Henri Michaux (1899–1984) was a beautifully strange and idiosyncratic Belgian poet, writer, painter, and maker of exactly one film. He was often called a surrealist, but did not really belong to that or any other group. Notes the Poetry Foundation:
Frederic Sepher pointed out that much of his poetry reads like short stories, although most of it does rhyme. He stated that while Michaux is probably the “least lyric of all contemporary French poets,” and employs few metaphors, “he is brilliantly imaginative, inventive and rythmic. He even verges on the musical in his haunting, desperate litanies with their repetitions and developments.”
Haunting, too, is Michaux’s emphasis on “the strangeness of natural things and the naturalness of strange things,” as Andre Gide once described Michaux’s philosophy. Like Swift, Flaubert, and Lautreament, Michaux created imaginery lands inhabited by equally chimerical creatures. The royal spider, the Hacs, the Emanglons, and the Gaurs are just a few of the inhabitants in what are considered his best works, including Voyage en Grande Garbagne, Au Pays de la magie, and Ici, Poddema. These creatures are portrayed as being more real than human beings.
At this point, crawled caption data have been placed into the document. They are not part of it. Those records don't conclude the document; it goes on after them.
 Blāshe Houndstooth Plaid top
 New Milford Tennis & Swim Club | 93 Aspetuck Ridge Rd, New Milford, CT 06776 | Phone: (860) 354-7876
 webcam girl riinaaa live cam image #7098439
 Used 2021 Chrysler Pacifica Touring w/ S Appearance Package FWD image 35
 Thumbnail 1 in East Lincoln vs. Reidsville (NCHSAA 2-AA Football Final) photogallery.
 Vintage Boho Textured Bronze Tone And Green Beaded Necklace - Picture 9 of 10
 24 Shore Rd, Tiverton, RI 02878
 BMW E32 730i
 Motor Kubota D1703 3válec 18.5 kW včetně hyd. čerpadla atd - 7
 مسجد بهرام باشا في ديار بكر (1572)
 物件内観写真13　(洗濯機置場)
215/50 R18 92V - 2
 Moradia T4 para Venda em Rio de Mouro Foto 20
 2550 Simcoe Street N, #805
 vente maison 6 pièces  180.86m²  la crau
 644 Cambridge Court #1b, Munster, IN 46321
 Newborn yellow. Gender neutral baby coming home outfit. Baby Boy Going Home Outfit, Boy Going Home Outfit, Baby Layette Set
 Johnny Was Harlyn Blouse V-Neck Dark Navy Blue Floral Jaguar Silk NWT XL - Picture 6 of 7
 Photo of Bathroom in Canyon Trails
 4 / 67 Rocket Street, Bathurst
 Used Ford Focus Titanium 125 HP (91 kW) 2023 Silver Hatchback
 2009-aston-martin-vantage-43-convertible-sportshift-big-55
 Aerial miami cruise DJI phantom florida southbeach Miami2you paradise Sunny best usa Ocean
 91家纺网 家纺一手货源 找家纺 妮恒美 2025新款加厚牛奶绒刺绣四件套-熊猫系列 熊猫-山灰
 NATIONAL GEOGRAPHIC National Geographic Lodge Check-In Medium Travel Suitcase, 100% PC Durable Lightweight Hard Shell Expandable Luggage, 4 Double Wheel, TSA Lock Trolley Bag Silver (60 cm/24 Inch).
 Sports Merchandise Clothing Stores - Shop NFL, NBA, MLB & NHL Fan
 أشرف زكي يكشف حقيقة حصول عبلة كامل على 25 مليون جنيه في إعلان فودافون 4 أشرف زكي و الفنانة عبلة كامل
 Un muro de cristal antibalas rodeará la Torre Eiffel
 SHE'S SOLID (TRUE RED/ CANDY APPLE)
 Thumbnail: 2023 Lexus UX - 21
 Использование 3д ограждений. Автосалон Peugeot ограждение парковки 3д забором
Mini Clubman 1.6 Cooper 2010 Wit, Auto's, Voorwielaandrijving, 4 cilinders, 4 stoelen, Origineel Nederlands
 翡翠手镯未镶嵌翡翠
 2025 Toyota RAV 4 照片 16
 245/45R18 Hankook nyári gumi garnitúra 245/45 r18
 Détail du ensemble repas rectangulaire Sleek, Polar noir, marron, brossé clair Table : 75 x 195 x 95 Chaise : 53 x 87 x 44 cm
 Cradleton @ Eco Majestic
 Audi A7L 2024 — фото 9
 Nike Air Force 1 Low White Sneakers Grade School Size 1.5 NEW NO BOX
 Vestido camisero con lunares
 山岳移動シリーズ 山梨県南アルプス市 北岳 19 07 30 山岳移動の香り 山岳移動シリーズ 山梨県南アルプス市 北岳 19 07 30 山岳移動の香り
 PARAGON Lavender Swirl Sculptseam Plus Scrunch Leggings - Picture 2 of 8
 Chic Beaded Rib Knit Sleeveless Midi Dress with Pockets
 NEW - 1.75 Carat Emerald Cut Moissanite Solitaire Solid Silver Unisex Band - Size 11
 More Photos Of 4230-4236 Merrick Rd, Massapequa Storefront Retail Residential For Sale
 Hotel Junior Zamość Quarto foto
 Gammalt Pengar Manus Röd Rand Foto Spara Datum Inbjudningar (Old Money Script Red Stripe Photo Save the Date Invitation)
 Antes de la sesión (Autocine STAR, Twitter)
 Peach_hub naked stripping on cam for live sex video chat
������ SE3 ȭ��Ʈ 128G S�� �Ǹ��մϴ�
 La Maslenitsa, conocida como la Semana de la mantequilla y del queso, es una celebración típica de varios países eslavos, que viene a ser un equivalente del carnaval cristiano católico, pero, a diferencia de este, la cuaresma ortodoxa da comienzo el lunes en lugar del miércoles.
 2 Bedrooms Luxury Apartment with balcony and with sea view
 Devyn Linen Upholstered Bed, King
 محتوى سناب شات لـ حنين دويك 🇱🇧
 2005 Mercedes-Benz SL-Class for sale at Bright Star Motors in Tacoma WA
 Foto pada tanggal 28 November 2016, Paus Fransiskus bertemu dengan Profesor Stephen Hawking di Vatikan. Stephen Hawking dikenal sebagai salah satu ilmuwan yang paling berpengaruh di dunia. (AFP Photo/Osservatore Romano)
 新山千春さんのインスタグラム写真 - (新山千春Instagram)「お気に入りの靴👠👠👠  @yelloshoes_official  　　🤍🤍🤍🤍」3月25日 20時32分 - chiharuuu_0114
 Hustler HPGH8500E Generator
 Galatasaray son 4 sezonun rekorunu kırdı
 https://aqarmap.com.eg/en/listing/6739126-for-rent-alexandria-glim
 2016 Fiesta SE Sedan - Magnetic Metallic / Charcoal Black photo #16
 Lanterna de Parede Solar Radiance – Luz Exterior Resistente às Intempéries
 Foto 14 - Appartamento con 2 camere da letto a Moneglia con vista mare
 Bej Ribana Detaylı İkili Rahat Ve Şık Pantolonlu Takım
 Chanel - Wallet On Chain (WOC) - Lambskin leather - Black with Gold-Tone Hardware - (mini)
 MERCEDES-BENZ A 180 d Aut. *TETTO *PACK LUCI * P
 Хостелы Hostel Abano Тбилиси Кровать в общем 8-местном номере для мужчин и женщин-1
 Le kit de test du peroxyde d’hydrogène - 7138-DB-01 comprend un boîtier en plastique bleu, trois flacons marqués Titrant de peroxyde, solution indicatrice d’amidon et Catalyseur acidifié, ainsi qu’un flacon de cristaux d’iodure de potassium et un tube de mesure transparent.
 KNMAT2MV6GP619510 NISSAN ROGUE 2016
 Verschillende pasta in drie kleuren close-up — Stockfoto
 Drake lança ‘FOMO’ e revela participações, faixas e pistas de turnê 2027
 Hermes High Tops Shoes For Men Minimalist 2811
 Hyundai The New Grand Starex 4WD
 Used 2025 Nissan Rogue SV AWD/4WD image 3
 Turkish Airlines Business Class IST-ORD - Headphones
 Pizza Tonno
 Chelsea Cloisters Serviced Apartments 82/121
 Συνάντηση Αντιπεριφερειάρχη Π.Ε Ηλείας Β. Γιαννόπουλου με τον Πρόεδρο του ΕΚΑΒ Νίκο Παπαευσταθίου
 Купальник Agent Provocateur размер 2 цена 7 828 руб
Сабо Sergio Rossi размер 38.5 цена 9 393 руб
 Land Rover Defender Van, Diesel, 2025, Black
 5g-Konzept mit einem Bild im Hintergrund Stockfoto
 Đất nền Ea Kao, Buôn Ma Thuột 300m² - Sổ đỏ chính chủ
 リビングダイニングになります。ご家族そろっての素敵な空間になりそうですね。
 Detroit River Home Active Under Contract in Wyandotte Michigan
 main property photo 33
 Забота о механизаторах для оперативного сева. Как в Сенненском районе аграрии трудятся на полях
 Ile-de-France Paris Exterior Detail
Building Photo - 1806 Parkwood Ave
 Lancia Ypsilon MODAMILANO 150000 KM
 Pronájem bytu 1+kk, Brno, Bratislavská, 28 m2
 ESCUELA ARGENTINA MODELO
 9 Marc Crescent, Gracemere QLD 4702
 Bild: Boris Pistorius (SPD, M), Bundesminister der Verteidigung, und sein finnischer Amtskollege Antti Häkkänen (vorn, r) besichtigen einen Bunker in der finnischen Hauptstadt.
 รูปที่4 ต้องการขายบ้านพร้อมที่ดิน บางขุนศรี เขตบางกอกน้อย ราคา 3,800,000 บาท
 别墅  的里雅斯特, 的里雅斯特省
Michaux traveled widely and experimented with drugs, which landed him the job of making his only film, Images du monde visionnaire, in 1964: Here is a description from the website Ombres Blanches, which tells the story about this amazing and forgotten film:
It’s not an experimental but an educational film which was produced in 1963 by the film department of Swiss pharmaceutical company Sandoz (best known for synthesizing LSD in 1938) in order to demonstrate the hallucinogenic effects of mescaline and hashish. Still it shares many traits with some of the more interesting efforts in avant-garde film making of its time. Maybe the most remarkable [thing] about it is that it is the only venture in film of notable French writer and painter Henri Michaux who wrote several accounts of his experiments with drugs. In charge with the filmic translation of Michaux’ prescriptions was director Eric Duvivier (a nephew of Julien Duvivier) whose other films include an adaptation of Max Ernst’s collage novel La femme 100 têtes.
The page from Ombers Blanches is quoted on UbuWeb, where you can also watch the entire 38-minute film. I went through the film and assembled the above composite of 30 images that especially struck me and evoke the flavor of this film. It’s a beautiful film, and no drugs are required.